▸ **DATA PROVIDED**:

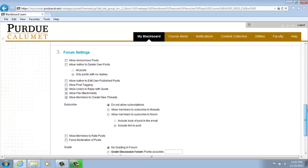Option number 3 is Forum Settings. From here you can select your preferences for the following options, such as Forum Availability and Forum Settings. We are going to leave everything checked as it is for our purposes today.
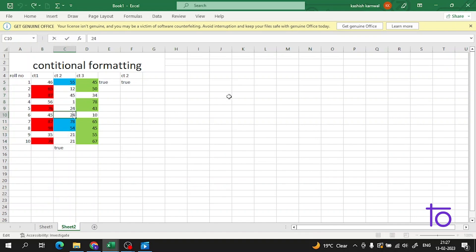Now if I change 24 to 74, it will be marked in blue. I hope this is very clear to you. Please subscribe to our channel Deftown, please like this video, and hit the bell icon so you never miss any update from Deftown. Thank you very much guys.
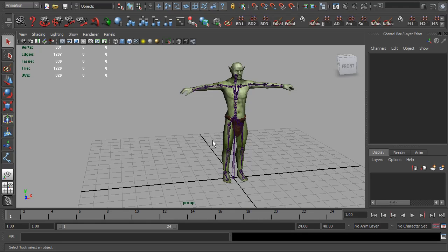Well, I think that's about it for this video. There are still a few more things I'd like to add to this rig, but there will be future videos. Until then, thanks for watching.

▸ **WHAT TO WORK ON**: Write out the whole listing exactly. Pictures stay out.

▸ **ANSWER BELOW**:
Option number 3 is Forum Settings. From here you can select your preferences for the following options, such as Forum Availability and Forum Settings. We are going to leave everything checked as it is for our purposes today.
Now if I change 24 to 74, it will be marked in blue. I hope this is very clear to you. Please subscribe to our channel Deftown, please like this video, and hit the bell icon so you never miss any update from Deftown. Thank you very much guys.
Well, I think that's about it for this video. There are still a few more things I'd like to add to this rig, but there will be future videos. Until then, thanks for watching.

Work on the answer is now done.